TASK INSTRUCTIONS: One exact copy of the listing is needed. It should contain no pictures.

━━ SOURCE INFORMATION

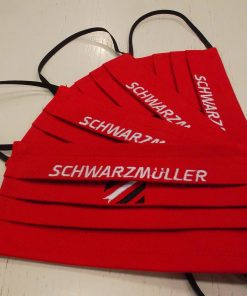4 darab azonos SCHWARZMÜLLER mintájú, piros, pamut arcmaszk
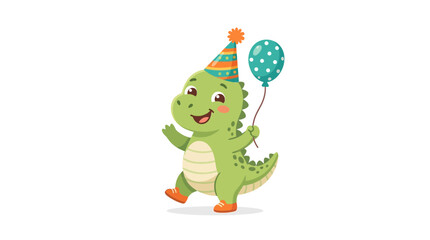 Fototapeta premium Cute Green Baby Dinosaur Character Celebrating Birthday with Party Hat and Balloon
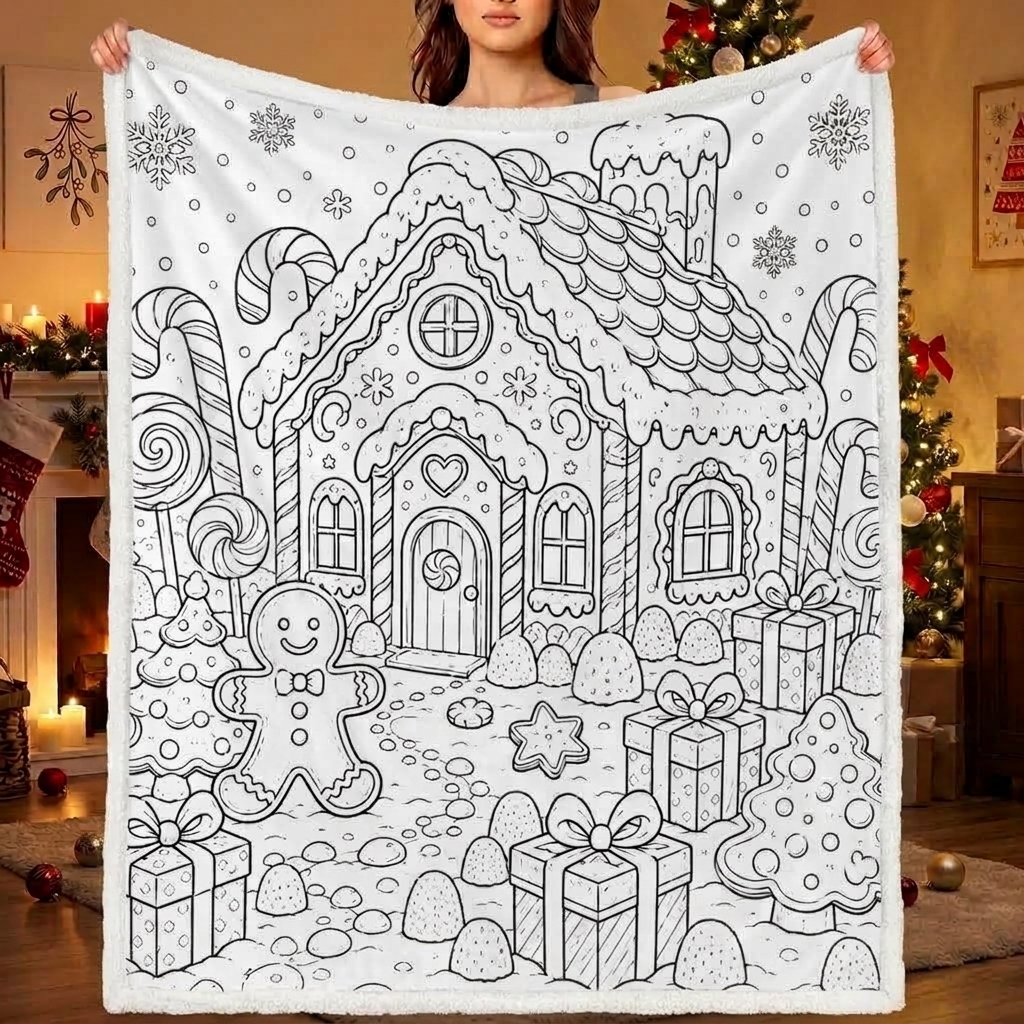 DIY Drawing Blanket (Optional 24-Color Marker Set) Create Your Art Blanket Washable Keepsake Blanket for Kids & Adults -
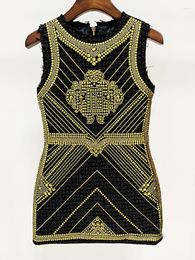 Casual Dresses HIGH STREET 2023 Est Fashion Designer Dress Women's Sleeveless Metal Rivet Beaded Tweed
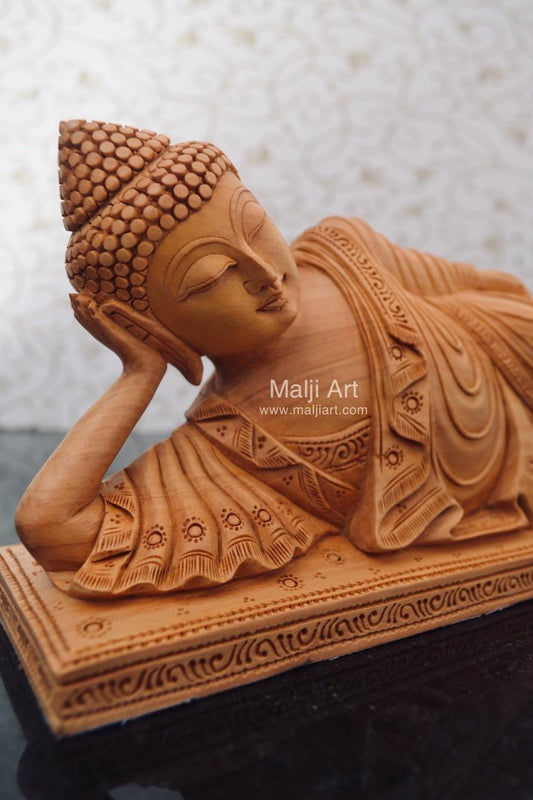 Wooden Fine Hand Carved Sleeping Buddha Statue - Malji Arts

━━━━

RESULT OF THE EXERCISE:
4 darab azonos SCHWARZMÜLLER mintájú, piros, pamut arcmaszk
 Fototapeta premium Cute Green Baby Dinosaur Character Celebrating Birthday with Party Hat and Balloon
 DIY Drawing Blanket (Optional 24-Color Marker Set) Create Your Art Blanket Washable Keepsake Blanket for Kids & Adults -
 Casual Dresses HIGH STREET 2023 Est Fashion Designer Dress Women's Sleeveless Metal Rivet Beaded Tweed
 Wooden Fine Hand Carved Sleeping Buddha Statue - Malji Arts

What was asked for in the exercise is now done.